Oil prices started 2026 slightly higher, recovering modestly after posting their largest annual decline since 2020 last year. Prices were supported by escalating geopolitical tensions, including Ukrainian drone attacks on Russian oil infrastructure and renewed U.S. pressure on Venezuela’s energy exports.
Brent crude futures rose 35 cents to $61.20 per barrel, while U.S. West Texas Intermediate crude gained 34 cents to $57.76 per barrel in early trading.
Tensions between Russia and Ukraine remained elevated on New Year’s Day, with both sides accusing each other of targeting civilians. The developments come despite ongoing diplomatic efforts overseen by Donald Trump, aimed at ending the conflict now approaching its fourth year.
Ukraine has intensified strikes on Russian energy facilities in recent months, seeking to reduce Moscow’s revenue streams that fund its military operations.
Meanwhile, Washington increased pressure on Venezuela by imposing fresh sanctions on four companies and related oil tankers linked to the country’s energy sector. The measures are part of a broader U.S. blockade designed to restrict sanctioned vessels from entering or exiting Venezuela.
The restrictions have forced state-owned energy company PDVSA to take extraordinary steps to keep refineries running, as fuel inventories continue to build.
Despite the recent uptick, both Brent and WTI ended 2025 down nearly 20%, marking their steepest annual losses since 2020. For Brent, it was the third consecutive year of declines, the longest losing streak on record. Market concerns around oversupply and trade tariffs ultimately outweighed geopolitical risks.
Analysts noted that the subdued price action reflects a balance between short-term geopolitical disruptions and longer-term fundamentals pointing to excess supply. Priyanka Sachdeva, senior market analyst at Phillip Nova, said prices remain capped ahead of the upcoming OPEC+ meeting, with WTI likely to trade between $55 and $65 per barrel in the first quarter.
OPEC and its allies are scheduled to meet virtually on January 4, with traders widely expecting the group to maintain its pause on output increases during early 2026.
June Goh, senior analyst at Sparta Commodities, said the year ahead will be critical for assessing how OPEC+ manages supply.
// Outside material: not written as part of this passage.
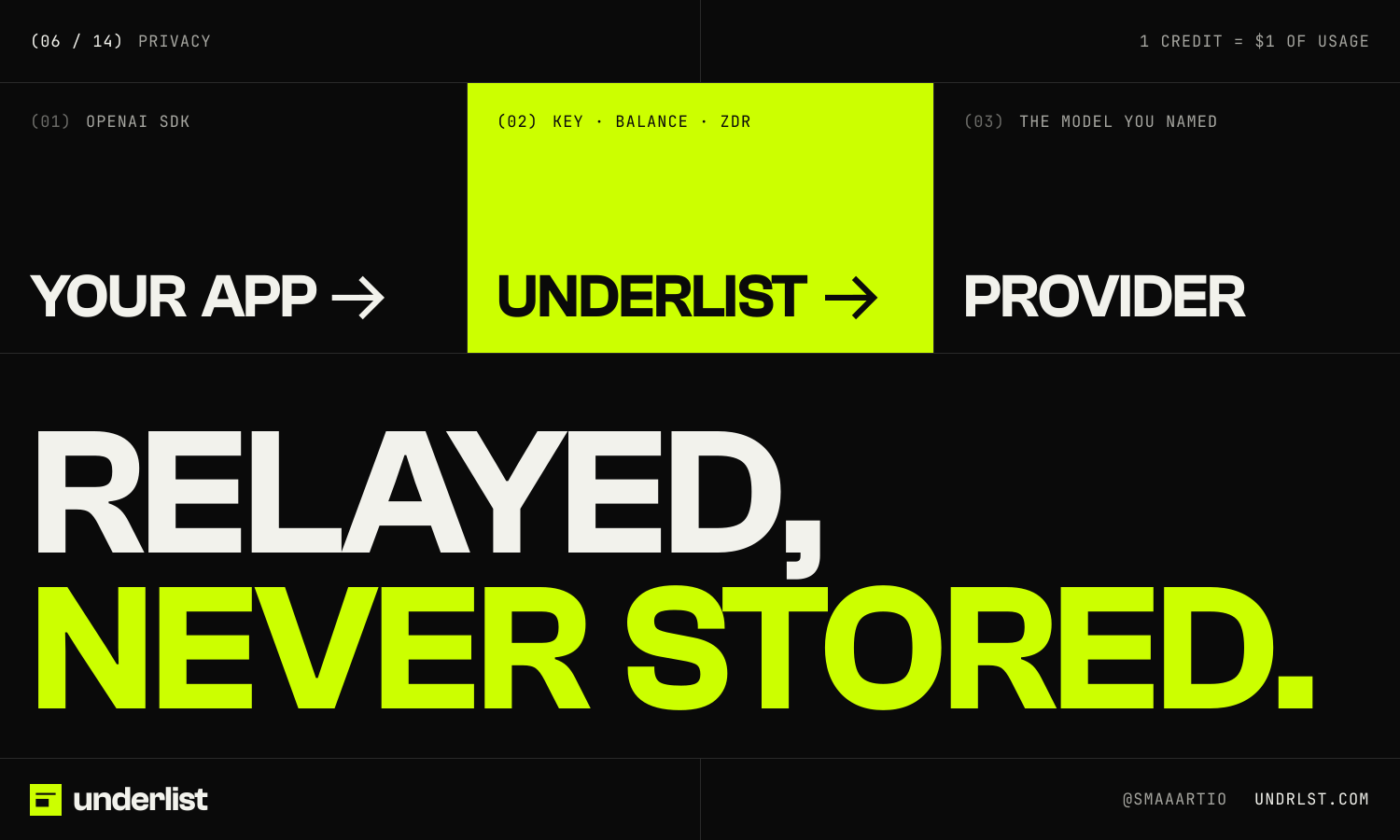 underlist post 06 of 14, Privacy: “Relayed, never stored.”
She added that China’s continued crude stockpiling in the first half of the year should help provide a price floor.
In the United States, oil production reached a record 13.87 million barrels per day in October, according to data from the Energy Information Administration. The agency also reported that crude inventories declined last week, while gasoline and distillate stockpiles increased amid strong refinery activity.